Exploring the Question Does Keyword Difficulty Really Matter
Does Keyword Difficulty Matter
Keyword difficulty is not a new concept: since the 1990s, marketers have been devising ways to measure the appeal and difficulty of keywords. For the longest time, keyword difficulty was based on higher-level metrics, such as estimated search volume and competition level. But as search engines gradually developed more sophisticated tools for identifying relevant terms and topics, alternative metrics were developed to help measure keyword difficulty.
The first milestone in the development of keyword difficulty was Google's PageRank algorithm, which was released in 1998. PageRank worked by assigning a numerical value to websites based on the number of inbound links they received. This enabled marketers to accurately gauge the difficulty of ranking for particular keywords.
In 2010, Google switched to the Hummingbird algorithm. Hummingbird introduced a more nuanced schema for ranking websites - specifically, it took into consideration the context and intent of queries in order to uncover more relevant and accurate results. This marked the beginning of the age of semantic search.
Today, keyword difficulty is determined by a combination of metrics, such as search volume, keyword competition, click-through rate, social media activity, and quality of the content. As a result, more sophisticated tools have become available to measure an individual keyword's difficulty.

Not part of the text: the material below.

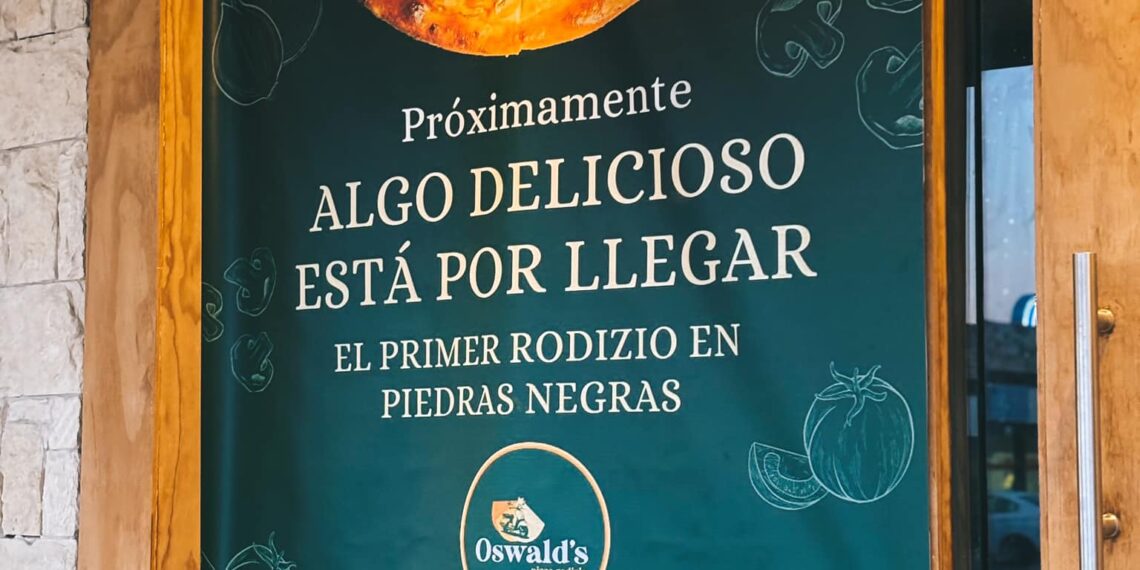 Abrirá primer buffet de pizzas en PN: Oswald’s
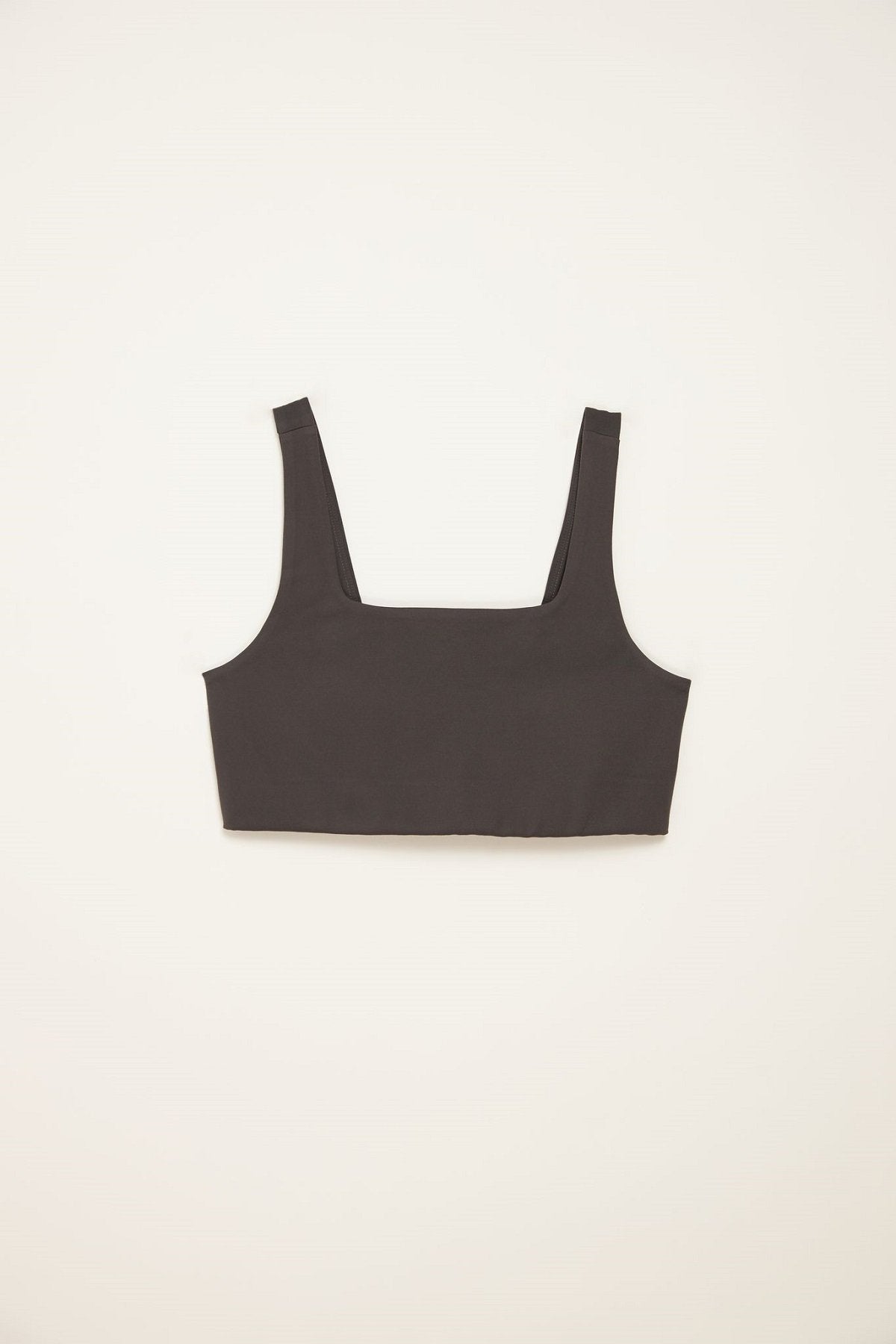 Girlfriend Collective W's Tommy Bra Square Neck - Made from Recycled Plastic Bottles Moon XS Underwear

One of the more popular keyword metrics today is Google's SERP Difficulty, which uses a combination of ranking difficulty, SEMrush keyword data, and Moz's Domain Authority to determine the difficulty of ranking for a particular keyword. Other tools, such as SEO PowerSuite's Ranking Difficulty, use a complex formula to calculate the difficulty of ranking for a particular keyword.
While these tools can be useful for helping identify potential keywords, they may be limited in terms of accuracy and reach. For example, a tool that relies only on metrics such as search volume or keyword competition may not take into consideration the quality of content or the relevance of the keyword to the page it's on.
Another potential problem is that these tools may not take into account any changes to the ranking environment, such as the introduction of a new algorithm or the emergence of a trend or development.
In conclusion, keyword difficulty can be a useful metric for helping identify potentially lucrative keywords and phrases. However, it's important to be aware of the limitations of this metric and how it can become outdated or irrelevant. Ultimately, the best practice is to use multiple sources of metrics and insights when making decisions about keywords.